Later, when Bree and Orson Hodge (Kyle MacLachlan) are having troubles, Edie lets Orson stay with her. Edie later shares a brief drunken kiss with Orson which is seen by Bree. The two begin to fight. Later, when Edie discovers that Bree's baby is really Austin and Danielle's, she threatens to tell everyone about it unless Bree does exactly what she wants. In turn, Bree admits everything to her friends and explains Edie's threats. The housewives confront Edie and cast her out, refusing to engage with, or speak to her anymore.

====Five-year jump====
During the five-year jump, Edie begins dating motivational speaker Dave Williams. Edie proposes and they elope. After, Dave convinces Edie into moving back to Wisteria Lane, back into her house that she had been renting.

===Season 5===
The fifth season is set five years on from the fourth-season finale, when Edie returns to Wisteria Lane. Dave is persistent in convincing Edie to get along better with her neighbors. When Karen grows suspicious of Dave and attempts to investigate his background, Edie realizes she knows very little about his past. One night she wakes up and sees Dave talking to himself, and he admits he used to be married before he met Edie and that his wife died. Edie is furious he never told her and throws him out of the house.
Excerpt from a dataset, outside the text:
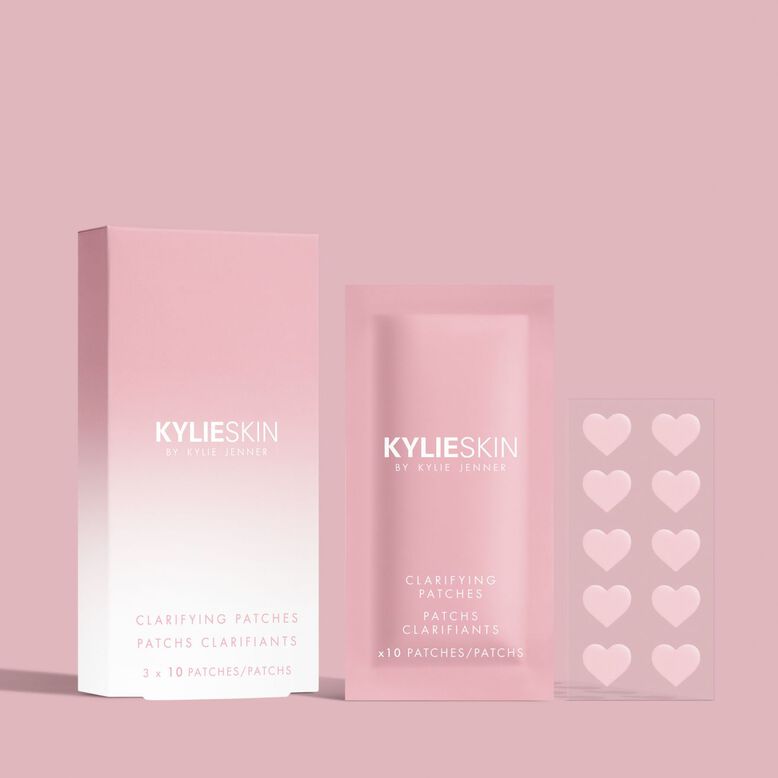Kylie Skin Clarifying Patches, , hi-res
Later, when Edie is locked in a basement with Susan, they have a heart-to-heart, convincing Edie to accept Dave back into her life. However, she grows suspicious again and goes to the local newspaper archives for information on Dave's family, where she learns that Dave had both a wife and daughter who were killed in a car crash. Upon receiving a news article on the accident, she learns it was Mike who had been driving the other car. She confronts Dave when he returns home from his camping trip and attempts to call Mike to warn him. Dave attacks her and strangles her, but Edie manages to escape and frantically drives away. Orson stumbles onto the road, causing her to swerve and hit an electric post. Dazed, Edie steps out onto the power line that had snapped and is killed by the electric shock.

After, the housewives pay a visit to Travers (Stephen Lunsford) to announce her death and to give him her ashes. On the journey up each of the housewives and Karen McCluskey share memories of Edie. Once they arrive, however, Travers tells them that they were her closest friends and that they should spread the ashes wherever they see fit. Ultimately, her ashes are spread around Wisteria Lane.

Edie later appears briefly in "Everybody Says Don't" as a hallucination of Dave's, while he continues to plot his revenge.